Script to find any open old transactions

frit...@gmail.com

unread,

Jun 8, 2015, 12:53:10 PM6/8/15

to

Hello all.

I recently had a issue where one of my databases had a transaction log full state and after some poking around, I discovered that it was because there was some really old uncommitted transaction out there hogging a bunch of log. So I was able to terminate the connection and then everything recovered nicely.

So, I decided to incorporate a new bit into my monitoring scripts to check for the oldest transaction, and if the connection was more than a day old, to e-mail myself an alert. Here's what the bit of script looks like:

AP=`db2 get snapshot for db on $DBNAME | grep -i oldest | sed "s/.*= //"`
if [ -n "$AP" ] ; then
ID=`db2 get snapshot for application agentid $AP | grep -c "idle.*day"`
if [ $ID -eq 1 ] ; then
echo "Idle application $AP has open transaction exceeding 24 hours" | mail -s "Idle application
s on $DBNAME" -r "$EMFROM" "$EMAILTO"
fi
fi

The bit of script as I see it should check to see if there is an oldest transaction, then get the snapshot for the application having the oldest transaction and if it as been idle for more than a day, it should e-mail the alert.

The bit of script generally works just fine except for one thing. Every once in a while, I get a single alert. Note that the script runs every 5 minutes. So, I go to the db in question and look at the snapshot for the offending application. I can see that it has indeed been idle for a very long time. But the question is, how could that connection have been idle for such a long time and have just had the oldest transaction -- when the same connection did not have the oldest transaction 5 minutes ago? I'm not sure if I'm explaining the situation well, so let me try to give an example:

1) At noon, I check the database for oldest tranaction using the bit of script above. There is no oldest transaction given in the snapshot.
2) At 12:05, I check again. I get the alert for a certain connection say agentid 100.
3) I go in and do a snapshot for application agentid 100. It says it's been idle for 10 days.

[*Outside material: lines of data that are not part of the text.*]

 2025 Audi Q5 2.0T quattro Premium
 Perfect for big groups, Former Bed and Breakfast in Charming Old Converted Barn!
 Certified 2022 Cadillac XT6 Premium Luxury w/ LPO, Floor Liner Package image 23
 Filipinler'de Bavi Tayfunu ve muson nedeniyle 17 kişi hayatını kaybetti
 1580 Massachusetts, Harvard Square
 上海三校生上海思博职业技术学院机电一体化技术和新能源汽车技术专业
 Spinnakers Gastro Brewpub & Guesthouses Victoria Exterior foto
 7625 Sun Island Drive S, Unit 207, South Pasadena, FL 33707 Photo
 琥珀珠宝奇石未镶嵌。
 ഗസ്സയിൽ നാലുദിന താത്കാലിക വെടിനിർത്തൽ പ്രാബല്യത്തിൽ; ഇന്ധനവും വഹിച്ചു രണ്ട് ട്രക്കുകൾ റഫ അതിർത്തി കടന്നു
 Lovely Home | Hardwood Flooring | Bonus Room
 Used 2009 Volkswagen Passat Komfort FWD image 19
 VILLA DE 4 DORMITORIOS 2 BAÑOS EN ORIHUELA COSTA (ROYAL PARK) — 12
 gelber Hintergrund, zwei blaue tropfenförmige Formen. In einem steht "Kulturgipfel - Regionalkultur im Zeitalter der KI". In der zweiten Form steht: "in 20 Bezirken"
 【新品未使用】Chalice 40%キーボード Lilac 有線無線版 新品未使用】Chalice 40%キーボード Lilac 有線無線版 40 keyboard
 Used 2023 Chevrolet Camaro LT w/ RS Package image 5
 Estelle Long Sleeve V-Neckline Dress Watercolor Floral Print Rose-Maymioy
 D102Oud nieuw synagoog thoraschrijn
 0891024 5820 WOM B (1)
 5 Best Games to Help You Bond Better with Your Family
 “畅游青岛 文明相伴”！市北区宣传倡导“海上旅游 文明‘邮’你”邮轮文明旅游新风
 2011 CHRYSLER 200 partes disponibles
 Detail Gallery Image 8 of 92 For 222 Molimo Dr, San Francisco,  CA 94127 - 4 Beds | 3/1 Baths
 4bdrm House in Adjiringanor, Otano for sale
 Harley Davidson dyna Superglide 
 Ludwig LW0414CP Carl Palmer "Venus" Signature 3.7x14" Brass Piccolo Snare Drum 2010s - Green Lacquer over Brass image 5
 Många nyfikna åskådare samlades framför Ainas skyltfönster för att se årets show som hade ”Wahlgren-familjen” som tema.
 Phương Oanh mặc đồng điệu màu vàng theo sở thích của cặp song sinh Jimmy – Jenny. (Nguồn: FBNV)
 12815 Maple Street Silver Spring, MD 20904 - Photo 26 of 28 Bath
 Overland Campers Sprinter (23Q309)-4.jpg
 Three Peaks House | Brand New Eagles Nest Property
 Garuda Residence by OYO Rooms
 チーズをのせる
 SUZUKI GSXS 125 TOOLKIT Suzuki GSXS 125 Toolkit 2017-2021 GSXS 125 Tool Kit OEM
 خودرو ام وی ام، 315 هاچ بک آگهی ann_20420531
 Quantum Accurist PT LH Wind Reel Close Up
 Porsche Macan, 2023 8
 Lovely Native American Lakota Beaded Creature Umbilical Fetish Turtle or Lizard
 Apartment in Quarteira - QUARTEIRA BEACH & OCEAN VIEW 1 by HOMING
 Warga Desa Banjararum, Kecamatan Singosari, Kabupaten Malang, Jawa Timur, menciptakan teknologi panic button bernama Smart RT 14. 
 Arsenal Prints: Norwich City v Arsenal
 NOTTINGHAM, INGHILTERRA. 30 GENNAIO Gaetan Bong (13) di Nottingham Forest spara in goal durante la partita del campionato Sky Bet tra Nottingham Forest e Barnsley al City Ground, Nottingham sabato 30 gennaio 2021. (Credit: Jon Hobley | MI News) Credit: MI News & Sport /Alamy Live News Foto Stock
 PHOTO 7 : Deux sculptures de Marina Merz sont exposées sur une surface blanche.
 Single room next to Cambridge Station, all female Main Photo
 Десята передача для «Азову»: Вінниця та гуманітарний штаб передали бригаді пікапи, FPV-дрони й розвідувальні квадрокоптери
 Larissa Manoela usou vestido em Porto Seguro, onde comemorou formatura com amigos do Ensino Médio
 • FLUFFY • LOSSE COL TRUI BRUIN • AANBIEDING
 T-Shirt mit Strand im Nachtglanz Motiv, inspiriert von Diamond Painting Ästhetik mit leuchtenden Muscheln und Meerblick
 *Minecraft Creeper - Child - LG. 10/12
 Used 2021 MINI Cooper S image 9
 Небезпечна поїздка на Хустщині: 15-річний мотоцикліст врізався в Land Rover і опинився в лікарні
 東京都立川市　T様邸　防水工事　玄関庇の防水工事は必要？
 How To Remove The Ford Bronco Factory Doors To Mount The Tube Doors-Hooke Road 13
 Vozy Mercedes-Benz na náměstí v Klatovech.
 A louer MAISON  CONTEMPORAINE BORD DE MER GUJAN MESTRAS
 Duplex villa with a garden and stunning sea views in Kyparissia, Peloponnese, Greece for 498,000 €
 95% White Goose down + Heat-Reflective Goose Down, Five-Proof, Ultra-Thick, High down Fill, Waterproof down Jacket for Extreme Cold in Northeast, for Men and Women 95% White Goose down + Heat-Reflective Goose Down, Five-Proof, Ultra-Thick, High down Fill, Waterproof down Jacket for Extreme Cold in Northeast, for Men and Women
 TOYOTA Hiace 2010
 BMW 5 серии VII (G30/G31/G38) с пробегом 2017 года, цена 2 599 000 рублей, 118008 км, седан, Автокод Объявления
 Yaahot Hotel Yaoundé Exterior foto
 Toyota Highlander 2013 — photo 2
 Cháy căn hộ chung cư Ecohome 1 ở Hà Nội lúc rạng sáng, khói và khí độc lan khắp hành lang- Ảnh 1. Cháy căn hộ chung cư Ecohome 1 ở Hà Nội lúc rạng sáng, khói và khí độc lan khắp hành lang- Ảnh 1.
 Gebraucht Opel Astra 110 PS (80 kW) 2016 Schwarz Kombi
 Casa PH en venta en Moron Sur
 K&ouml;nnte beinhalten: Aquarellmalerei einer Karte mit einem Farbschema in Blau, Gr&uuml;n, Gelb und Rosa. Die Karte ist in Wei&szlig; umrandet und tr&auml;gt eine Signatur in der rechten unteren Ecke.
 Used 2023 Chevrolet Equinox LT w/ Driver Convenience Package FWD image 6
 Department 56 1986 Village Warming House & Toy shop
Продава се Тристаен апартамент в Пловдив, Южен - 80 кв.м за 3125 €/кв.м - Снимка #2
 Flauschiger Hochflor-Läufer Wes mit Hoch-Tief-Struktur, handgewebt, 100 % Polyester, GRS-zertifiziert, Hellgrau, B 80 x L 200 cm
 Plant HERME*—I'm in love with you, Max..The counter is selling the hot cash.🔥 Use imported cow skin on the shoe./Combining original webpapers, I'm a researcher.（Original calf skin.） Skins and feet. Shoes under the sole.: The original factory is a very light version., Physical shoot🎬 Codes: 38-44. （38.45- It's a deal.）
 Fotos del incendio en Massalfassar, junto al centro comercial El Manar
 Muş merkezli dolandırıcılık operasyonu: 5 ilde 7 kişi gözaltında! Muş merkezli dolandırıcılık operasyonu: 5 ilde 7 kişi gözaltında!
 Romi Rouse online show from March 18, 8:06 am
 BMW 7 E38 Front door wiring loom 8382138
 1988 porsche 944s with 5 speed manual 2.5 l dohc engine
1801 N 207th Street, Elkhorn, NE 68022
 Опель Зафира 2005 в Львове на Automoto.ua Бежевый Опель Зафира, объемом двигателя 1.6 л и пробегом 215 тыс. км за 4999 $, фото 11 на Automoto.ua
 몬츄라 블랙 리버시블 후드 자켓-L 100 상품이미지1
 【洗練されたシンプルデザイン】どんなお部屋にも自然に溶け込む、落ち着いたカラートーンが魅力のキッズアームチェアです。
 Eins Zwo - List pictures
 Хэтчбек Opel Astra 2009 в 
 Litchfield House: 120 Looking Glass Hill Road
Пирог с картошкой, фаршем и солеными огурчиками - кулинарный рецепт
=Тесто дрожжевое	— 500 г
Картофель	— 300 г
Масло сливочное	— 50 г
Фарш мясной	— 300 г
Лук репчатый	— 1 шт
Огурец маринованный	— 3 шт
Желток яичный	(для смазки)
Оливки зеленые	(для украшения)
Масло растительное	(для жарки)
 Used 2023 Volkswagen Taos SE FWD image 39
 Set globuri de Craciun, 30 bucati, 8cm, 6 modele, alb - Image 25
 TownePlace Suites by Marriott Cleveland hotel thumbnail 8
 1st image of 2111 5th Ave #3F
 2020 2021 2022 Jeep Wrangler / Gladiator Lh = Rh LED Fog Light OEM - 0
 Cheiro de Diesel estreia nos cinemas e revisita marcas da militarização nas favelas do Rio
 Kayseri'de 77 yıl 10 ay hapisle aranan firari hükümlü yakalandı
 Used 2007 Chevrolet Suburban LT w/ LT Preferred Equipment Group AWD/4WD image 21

So, the question is if it's been idle for 10 days, how could that same application be holding the oldest transaction when there was no oldest transaction at all as of 5 minutes ago? The weird thing about it is that when this happens, it is always for one of the db2 system connections... "db2fw##" (where the ## represents some number). This seems kinda strange, I was just wondering if anyone else had run into this.

Oh, also, this runs on AIX, DB2 version 10.1.2.

Thanks for the help.
Greig Wise

Lennart Jonsson

unread,

Jun 8, 2015, 3:08:38 PM6/8/15

to

Not sure why your script fails from time to time, but I think there are
better ways to detect "old" transactions. I use the following to monitor
old transactions and also get some information about them:

select
x.agent_id,
substr(z.corr_TOKEN,1,12) as ip,
cast(y.stmt_text as varchar(800)) as stmt,
x.locks_held,
x.APPL_IDLE_TIME,
x.UOW_START_TIME
from sysibmadm.SNAPAPPL x
join sysibmadm.snapstmt y
on x.agent_id = y.agent_id
join sysibmadm.SNAPAPPL_INFO z
on x.agent_id = z.agent_id
where UOW_STOP_TIME is null
and TIMESTAMPDIFF(4,CHAR(current_timestamp - UOW_START_TIME)) > 2
order by UOW_START_TIME

This will detect transactions older than 2 minutes (4 is minutes in
timestampdiff, exchange for other value as needed)

If you are only interested in whether there exists transactions or not
you could do something like:

db2 connect to $DBNAME
db2 "select 1 from sysibmadm.SNAPAPPL where UOW_STOP_TIME is null and
TIMESTAMPDIFF(8,CHAR(current_timestamp - UOW_START_TIME)) > 24" > /dev/null
if [ $? -ne 1 ]; then
# rows found, i.e. transactions exist

echo "Idle application $AP has open transaction exceeding 24 hours"
| mail -s "Idle application
s on $DBNAME" -r "$EMFROM" "$EMAILTO"
fi

db2 connect reset

$? from db2 is bit encoded as:

0 success
1 no rows found
2 warning such as creating a primary key reused an existing index
4 db2 error
8 os error

So you might want to handle additional return values such as 3.
Everything >= 4 means that something is really wrong so you might want
to send an error alert for those cases as well

You might also want to have a look at the newer GET_MON_... functions

Just some thoughts that might give you some ideas.

Cheers
/Lennart

Lennart Jonsson

unread,

Jun 8, 2015, 3:15:22 PM6/8/15

to

On 06/08/2015 09:08 PM, Lennart Jonsson wrote:
[...]

>
> db2 connect to $DBNAME
> db2 "select 1 from sysibmadm.SNAPAPPL where UOW_STOP_TIME is null and
> TIMESTAMPDIFF(8,CHAR(current_timestamp - UOW_START_TIME)) > 24" > /dev/null
> if [ $? -ne 1 ]; then
> # rows found, i.e. transactions exist
> echo "Idle application $AP has open transaction exceeding 24 hours"
> | mail -s "Idle application
> s on $DBNAME" -r "$EMFROM" "$EMAILTO"
> fi
>

Alternative:

AP=$(db2 -x "select agent_id from sysibmadm.SNAPAPPL where UOW_STOP_TIME
is null and TIMESTAMPDIFF(2,current_timestamp - UOW_START_TIME) > 1")

[...]